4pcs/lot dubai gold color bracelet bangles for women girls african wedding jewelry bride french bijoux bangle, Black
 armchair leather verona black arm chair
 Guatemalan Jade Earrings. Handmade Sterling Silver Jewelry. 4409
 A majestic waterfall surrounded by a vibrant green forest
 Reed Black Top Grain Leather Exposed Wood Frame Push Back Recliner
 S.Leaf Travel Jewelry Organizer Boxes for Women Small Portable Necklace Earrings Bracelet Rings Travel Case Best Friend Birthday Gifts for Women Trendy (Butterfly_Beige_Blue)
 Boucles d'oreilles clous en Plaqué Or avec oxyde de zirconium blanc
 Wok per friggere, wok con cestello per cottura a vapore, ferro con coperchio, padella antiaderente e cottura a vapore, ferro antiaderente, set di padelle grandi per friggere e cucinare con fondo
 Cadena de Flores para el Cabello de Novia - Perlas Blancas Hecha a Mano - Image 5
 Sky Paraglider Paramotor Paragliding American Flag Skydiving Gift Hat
++++++++++++++++++++
▸ Task item
Reproduce the whole listing above, word for word.

▸ Solution below
4pcs/lot dubai gold color bracelet bangles for women girls african wedding jewelry bride french bijoux bangle, Black
 armchair leather verona black arm chair
 Guatemalan Jade Earrings. Handmade Sterling Silver Jewelry. 4409
 A majestic waterfall surrounded by a vibrant green forest
 Reed Black Top Grain Leather Exposed Wood Frame Push Back Recliner
 S.Leaf Travel Jewelry Organizer Boxes for Women Small Portable Necklace Earrings Bracelet Rings Travel Case Best Friend Birthday Gifts for Women Trendy (Butterfly_Beige_Blue)
 Boucles d'oreilles clous en Plaqué Or avec oxyde de zirconium blanc
 Wok per friggere, wok con cestello per cottura a vapore, ferro con coperchio, padella antiaderente e cottura a vapore, ferro antiaderente, set di padelle grandi per friggere e cucinare con fondo
 Cadena de Flores para el Cabello de Novia - Perlas Blancas Hecha a Mano - Image 5
 Sky Paraglider Paramotor Paragliding American Flag Skydiving Gift Hat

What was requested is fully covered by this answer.